** Supplied material **
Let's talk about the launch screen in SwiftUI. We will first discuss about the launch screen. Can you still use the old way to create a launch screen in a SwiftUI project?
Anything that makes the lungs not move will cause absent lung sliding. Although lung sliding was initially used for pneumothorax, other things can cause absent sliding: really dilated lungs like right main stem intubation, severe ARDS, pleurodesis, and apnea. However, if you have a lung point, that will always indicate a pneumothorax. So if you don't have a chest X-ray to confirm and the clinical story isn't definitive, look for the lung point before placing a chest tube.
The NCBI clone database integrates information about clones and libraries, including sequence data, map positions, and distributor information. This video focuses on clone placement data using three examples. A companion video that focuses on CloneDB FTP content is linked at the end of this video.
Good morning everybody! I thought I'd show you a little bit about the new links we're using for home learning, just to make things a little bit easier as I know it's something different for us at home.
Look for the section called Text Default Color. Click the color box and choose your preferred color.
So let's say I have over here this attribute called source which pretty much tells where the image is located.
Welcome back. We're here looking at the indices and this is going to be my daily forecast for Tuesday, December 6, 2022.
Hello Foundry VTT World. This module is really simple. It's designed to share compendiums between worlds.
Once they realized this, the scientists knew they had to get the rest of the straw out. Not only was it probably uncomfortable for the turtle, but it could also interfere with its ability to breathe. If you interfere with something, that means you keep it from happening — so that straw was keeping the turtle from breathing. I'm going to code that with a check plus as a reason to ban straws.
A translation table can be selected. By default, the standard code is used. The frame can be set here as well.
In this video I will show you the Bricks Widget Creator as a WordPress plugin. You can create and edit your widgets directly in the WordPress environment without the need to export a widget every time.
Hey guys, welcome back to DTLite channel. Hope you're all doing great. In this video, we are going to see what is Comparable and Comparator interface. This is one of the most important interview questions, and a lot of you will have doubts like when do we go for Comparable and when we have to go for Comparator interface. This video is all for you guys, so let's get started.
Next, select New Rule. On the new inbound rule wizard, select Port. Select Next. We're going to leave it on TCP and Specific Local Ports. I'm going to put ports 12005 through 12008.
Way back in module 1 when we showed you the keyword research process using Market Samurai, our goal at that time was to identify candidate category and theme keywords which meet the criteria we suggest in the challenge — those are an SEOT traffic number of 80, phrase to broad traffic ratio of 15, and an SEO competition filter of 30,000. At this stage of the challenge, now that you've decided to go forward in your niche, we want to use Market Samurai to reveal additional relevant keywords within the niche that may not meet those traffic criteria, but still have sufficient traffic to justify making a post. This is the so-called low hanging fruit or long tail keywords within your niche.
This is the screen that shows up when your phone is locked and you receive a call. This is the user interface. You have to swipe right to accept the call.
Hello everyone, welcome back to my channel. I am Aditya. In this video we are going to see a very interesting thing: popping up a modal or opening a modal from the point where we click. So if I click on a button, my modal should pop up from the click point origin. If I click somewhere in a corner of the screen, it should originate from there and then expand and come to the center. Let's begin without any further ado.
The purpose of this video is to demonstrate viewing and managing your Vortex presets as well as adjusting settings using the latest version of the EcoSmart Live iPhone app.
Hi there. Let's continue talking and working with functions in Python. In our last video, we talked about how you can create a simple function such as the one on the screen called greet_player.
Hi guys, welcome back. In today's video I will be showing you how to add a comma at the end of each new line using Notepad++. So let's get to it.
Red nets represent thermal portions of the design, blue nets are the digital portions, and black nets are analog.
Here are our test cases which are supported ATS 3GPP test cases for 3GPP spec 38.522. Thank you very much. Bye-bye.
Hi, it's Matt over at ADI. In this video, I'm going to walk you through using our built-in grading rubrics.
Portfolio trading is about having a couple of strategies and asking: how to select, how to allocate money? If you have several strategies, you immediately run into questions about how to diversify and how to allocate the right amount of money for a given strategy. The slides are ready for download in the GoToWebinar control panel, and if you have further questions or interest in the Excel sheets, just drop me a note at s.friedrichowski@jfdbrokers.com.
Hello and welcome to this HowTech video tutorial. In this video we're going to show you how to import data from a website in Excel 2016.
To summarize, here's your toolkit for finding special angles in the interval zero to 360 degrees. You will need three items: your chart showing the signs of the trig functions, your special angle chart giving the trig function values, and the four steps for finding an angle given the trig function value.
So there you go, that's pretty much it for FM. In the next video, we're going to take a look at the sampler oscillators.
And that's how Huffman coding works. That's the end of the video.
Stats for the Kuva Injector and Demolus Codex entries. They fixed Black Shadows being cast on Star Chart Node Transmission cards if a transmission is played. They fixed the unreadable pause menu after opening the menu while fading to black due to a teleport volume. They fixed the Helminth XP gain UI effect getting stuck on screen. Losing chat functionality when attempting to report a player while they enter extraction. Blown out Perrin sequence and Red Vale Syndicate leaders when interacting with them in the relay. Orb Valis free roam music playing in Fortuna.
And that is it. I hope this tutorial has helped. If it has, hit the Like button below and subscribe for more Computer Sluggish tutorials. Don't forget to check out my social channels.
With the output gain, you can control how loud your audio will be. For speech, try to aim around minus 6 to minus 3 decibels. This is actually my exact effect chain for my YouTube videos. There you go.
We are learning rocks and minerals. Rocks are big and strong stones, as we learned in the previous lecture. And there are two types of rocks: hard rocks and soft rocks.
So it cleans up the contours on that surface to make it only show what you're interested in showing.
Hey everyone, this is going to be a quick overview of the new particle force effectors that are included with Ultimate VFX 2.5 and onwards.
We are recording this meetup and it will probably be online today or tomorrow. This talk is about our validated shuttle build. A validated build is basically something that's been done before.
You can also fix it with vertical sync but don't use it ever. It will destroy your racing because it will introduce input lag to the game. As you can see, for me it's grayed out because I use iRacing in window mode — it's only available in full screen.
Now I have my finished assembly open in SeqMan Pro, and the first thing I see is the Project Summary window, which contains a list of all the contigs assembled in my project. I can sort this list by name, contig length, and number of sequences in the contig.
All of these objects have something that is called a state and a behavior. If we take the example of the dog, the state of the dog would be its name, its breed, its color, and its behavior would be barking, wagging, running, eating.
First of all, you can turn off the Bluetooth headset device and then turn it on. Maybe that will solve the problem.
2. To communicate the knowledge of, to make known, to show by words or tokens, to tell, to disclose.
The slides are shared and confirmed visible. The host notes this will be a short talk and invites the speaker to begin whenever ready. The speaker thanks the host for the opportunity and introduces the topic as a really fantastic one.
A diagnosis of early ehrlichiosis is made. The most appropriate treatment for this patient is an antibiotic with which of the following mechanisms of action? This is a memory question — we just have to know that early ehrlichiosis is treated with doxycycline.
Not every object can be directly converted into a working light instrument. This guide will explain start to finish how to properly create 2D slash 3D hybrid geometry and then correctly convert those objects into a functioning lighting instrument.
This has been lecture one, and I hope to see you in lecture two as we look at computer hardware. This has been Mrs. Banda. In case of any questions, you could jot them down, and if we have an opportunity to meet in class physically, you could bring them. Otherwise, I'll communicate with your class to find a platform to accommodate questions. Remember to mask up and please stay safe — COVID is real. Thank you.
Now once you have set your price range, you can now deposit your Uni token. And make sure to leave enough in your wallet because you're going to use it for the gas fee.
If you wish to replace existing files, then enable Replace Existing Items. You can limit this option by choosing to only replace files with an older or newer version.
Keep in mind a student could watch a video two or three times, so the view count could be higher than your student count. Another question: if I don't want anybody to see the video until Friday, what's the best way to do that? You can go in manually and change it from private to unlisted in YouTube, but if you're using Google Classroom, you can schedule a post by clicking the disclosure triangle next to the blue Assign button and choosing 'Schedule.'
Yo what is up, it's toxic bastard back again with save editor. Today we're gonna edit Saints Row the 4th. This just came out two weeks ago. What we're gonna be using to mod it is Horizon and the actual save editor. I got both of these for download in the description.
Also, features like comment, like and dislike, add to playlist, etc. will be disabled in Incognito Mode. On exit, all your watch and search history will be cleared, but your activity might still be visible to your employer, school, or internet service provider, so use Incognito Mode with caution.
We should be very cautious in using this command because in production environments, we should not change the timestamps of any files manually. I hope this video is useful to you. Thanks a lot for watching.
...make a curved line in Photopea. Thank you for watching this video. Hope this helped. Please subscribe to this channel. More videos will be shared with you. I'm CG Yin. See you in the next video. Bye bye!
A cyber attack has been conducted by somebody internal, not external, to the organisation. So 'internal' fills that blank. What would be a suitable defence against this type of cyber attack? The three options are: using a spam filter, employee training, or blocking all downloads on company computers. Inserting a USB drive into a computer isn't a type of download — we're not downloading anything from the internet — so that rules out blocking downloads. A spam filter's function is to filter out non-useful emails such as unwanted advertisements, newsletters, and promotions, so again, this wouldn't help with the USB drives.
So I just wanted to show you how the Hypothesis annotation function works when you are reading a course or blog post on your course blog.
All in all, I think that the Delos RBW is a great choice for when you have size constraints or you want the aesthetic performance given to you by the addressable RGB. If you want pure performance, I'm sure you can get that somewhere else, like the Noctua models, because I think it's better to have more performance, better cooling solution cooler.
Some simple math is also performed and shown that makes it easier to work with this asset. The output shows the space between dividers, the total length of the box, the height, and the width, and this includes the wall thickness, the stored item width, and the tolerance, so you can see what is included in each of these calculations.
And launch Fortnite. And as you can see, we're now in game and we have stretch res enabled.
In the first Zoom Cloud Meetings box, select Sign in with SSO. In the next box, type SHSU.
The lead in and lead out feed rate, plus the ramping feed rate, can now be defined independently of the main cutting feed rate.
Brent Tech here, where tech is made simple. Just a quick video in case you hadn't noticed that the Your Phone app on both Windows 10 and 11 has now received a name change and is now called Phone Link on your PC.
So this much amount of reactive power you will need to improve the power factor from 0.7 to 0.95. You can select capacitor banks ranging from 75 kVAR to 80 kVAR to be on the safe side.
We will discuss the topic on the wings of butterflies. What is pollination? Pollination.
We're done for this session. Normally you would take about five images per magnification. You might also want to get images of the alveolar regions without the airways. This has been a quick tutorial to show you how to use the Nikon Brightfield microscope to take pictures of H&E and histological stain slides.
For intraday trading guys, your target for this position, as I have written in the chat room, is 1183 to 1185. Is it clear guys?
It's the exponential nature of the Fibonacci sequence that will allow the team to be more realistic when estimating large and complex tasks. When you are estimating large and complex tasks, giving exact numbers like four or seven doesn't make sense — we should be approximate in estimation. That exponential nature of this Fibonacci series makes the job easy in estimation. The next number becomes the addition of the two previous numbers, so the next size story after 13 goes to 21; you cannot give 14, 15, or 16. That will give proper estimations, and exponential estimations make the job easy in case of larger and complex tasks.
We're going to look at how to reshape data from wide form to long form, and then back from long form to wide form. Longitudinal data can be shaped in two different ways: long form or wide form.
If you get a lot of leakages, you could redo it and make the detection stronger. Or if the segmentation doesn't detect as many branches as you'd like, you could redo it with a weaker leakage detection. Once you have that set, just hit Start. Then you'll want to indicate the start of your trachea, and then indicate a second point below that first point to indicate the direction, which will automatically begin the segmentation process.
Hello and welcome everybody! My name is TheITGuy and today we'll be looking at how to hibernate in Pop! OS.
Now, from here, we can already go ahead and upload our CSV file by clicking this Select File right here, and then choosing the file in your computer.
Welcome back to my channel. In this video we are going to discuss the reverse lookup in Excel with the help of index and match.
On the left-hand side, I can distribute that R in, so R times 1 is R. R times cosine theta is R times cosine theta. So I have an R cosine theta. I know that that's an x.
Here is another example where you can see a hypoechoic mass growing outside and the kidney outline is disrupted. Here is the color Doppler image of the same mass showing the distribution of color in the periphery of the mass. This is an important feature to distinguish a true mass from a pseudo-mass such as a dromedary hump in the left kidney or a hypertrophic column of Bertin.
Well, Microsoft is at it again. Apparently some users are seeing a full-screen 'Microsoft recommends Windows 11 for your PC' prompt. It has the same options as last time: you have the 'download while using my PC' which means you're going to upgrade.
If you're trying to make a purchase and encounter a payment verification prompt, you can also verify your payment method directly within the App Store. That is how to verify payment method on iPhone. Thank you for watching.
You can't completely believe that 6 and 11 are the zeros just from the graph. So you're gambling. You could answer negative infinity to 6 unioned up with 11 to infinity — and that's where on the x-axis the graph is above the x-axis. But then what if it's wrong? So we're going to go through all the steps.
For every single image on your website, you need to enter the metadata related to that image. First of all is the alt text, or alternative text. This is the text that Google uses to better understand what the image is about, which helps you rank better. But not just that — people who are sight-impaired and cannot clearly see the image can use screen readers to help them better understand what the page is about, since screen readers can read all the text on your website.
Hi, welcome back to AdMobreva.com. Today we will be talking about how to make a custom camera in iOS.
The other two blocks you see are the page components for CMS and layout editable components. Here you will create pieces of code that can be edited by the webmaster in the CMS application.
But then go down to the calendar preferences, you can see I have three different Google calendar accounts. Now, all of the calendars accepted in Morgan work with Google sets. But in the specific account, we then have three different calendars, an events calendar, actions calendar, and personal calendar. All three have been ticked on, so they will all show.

** Task statement **
Look above for the line that contains "Red nets represent". Starting there, transcribe every line exactly until you have copied the line that contains "Hi, it's Matt".

** Result of the task **
Red nets represent thermal portions of the design, blue nets are the digital portions, and black nets are analog.
Here are our test cases which are supported ATS 3GPP test cases for 3GPP spec 38.522. Thank you very much. Bye-bye.
Hi, it's Matt over at ADI. In this video, I'm going to walk you through using our built-in grading rubrics.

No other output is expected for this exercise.